Records supplied Block Start
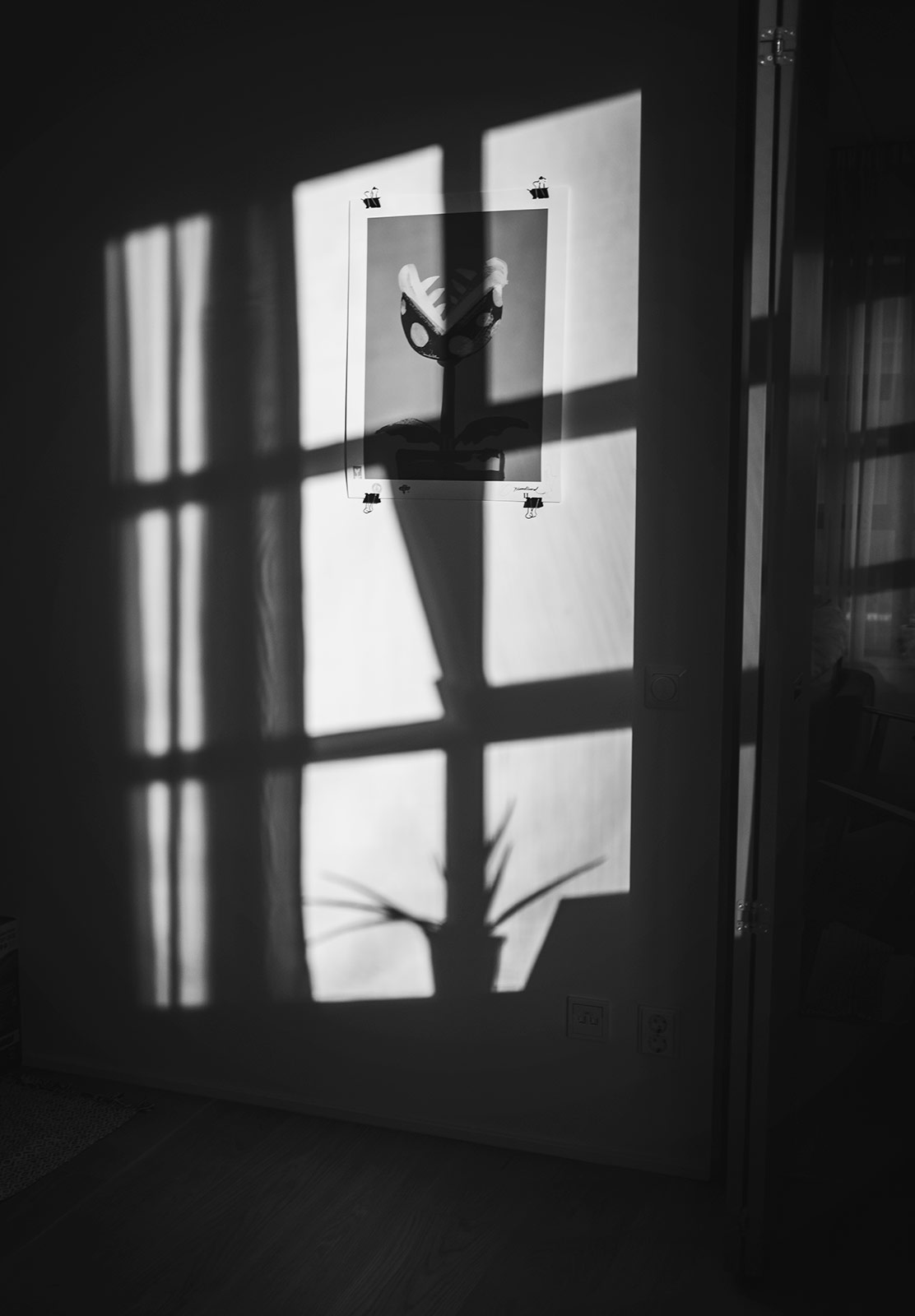 Window silhouette on wall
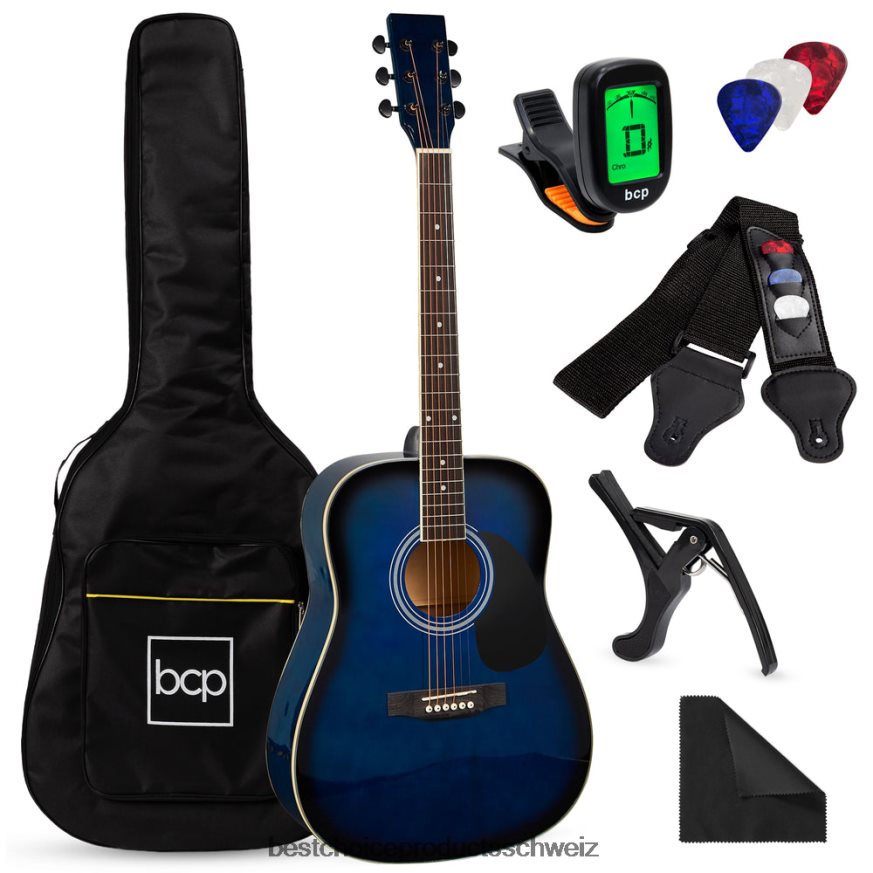Best Choice Products 41-Zoll-Starterset für Akustikgitarre mit digitalem Stimmgerät, gepolstertem Koffer, Plektren und Gurt Blau 2JD0221075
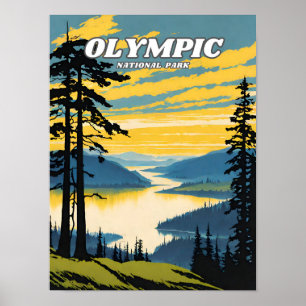 Olympic National Park Illustration Retro Classic Poster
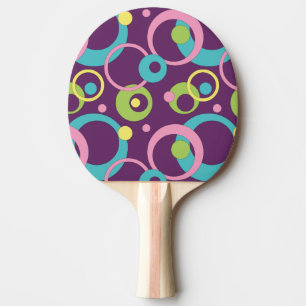 Raquette de Ping Pong Cercles Violets Funky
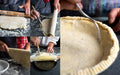 Collage of steps involved in making a pie crust.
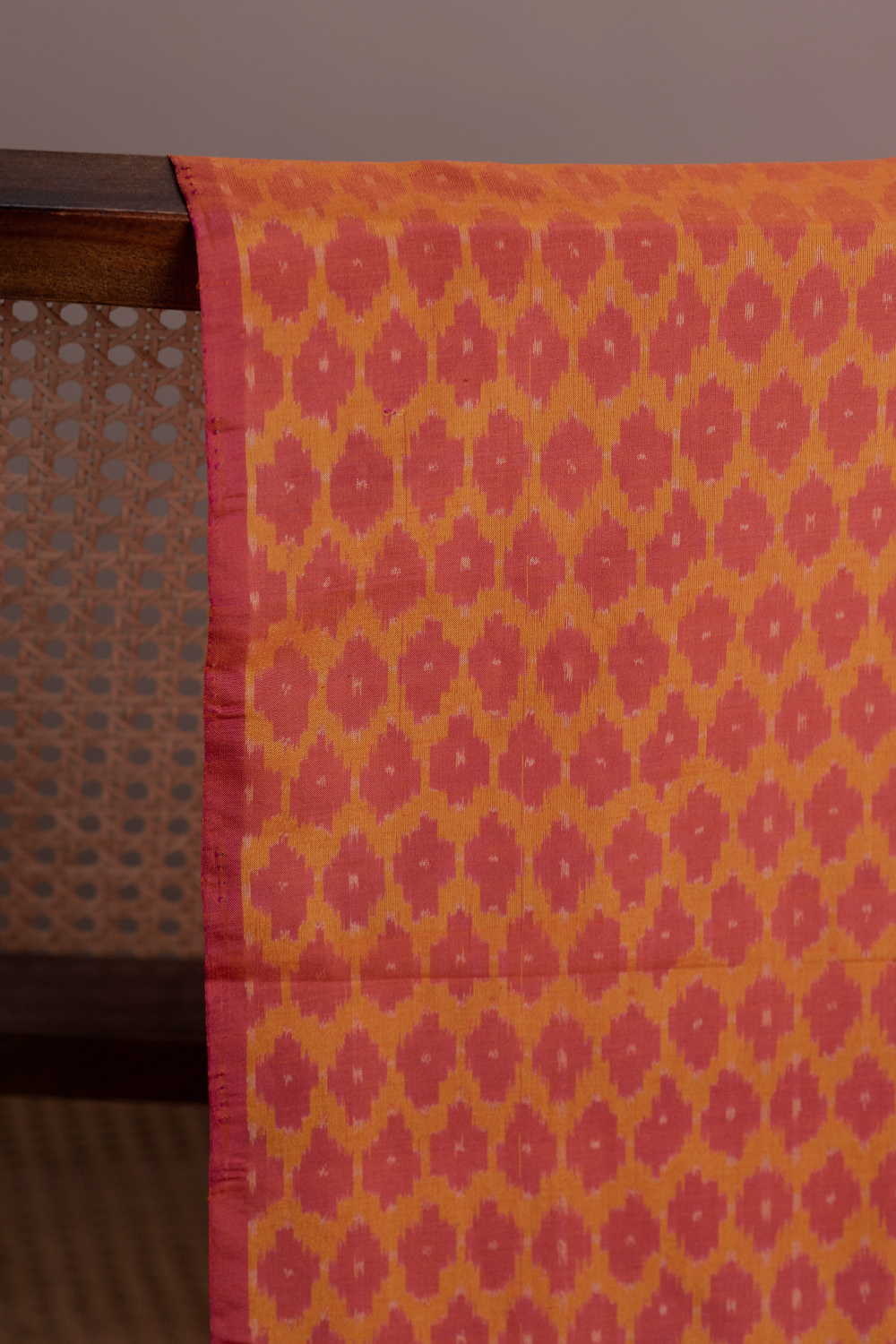 Orange Motifs - Yellow Ikat Silk Cotton Fabric - Image 2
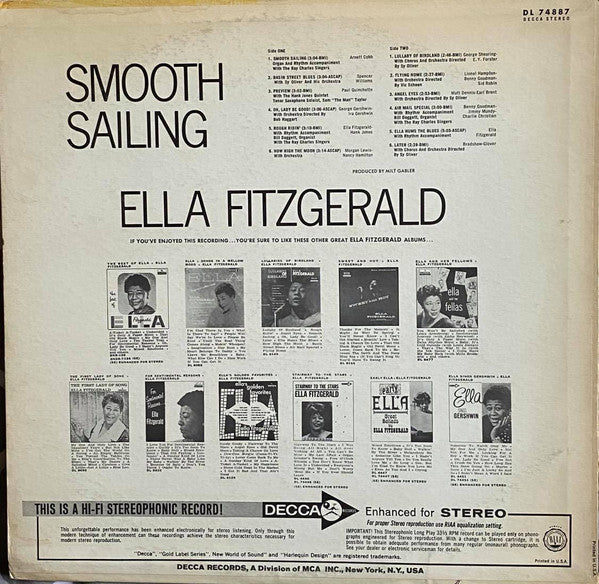 Ella Fitzgerald : Smooth Sailing (LP, Comp, Promo, Dec)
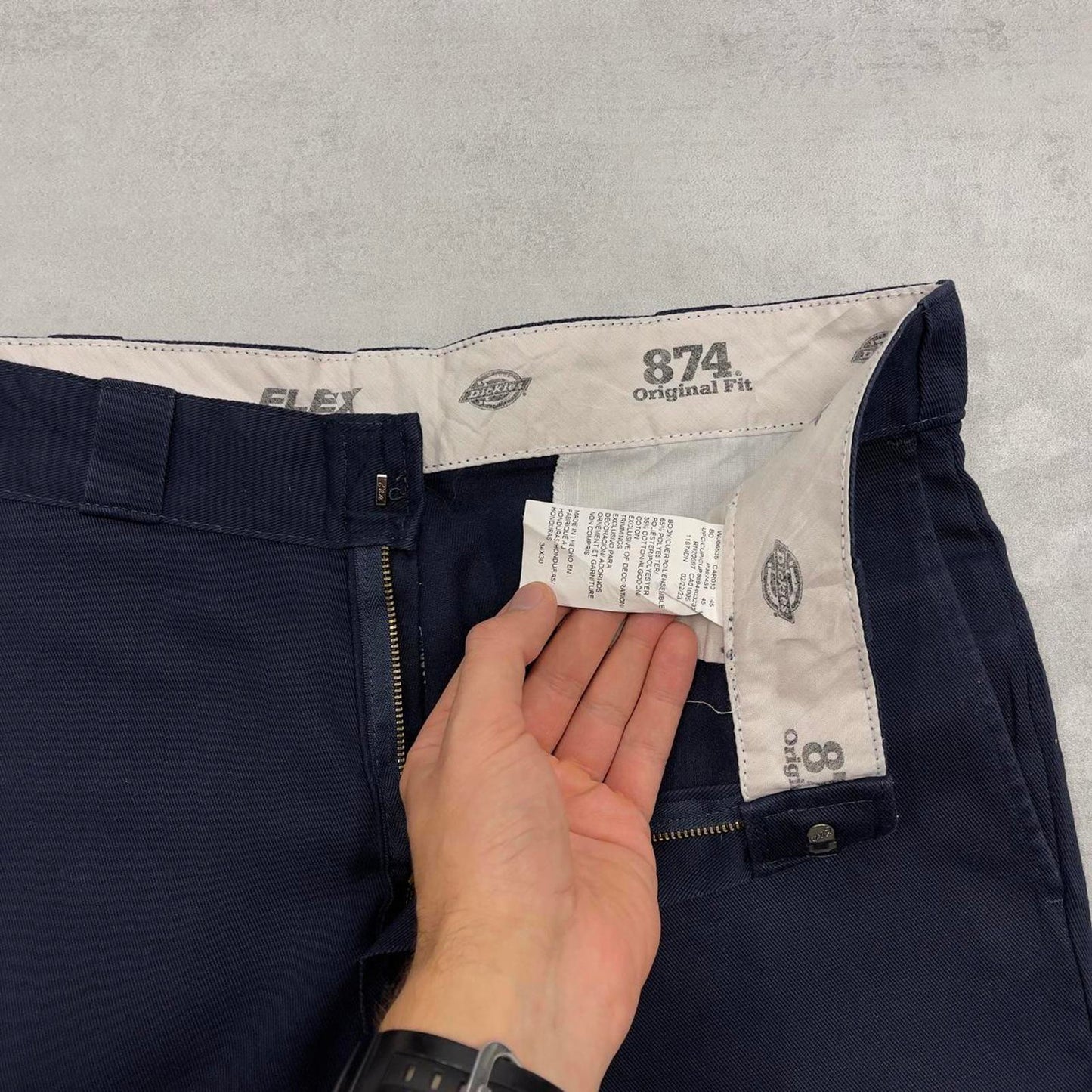 Dickies 874 Pants W34L30 navy twill chino 90s style skater pants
Records supplied Block End
▶ _Instructions to follow_: Beginning with the line containing "Orange Motifs - Yellow" and ending with the last line of the material, output each line exactly; do not include pictures.

▶ _Output for this task_:
 Orange Motifs - Yellow Ikat Silk Cotton Fabric - Image 2
 Ella Fitzgerald : Smooth Sailing (LP, Comp, Promo, Dec)
 Dickies 874 Pants W34L30 navy twill chino 90s style skater pants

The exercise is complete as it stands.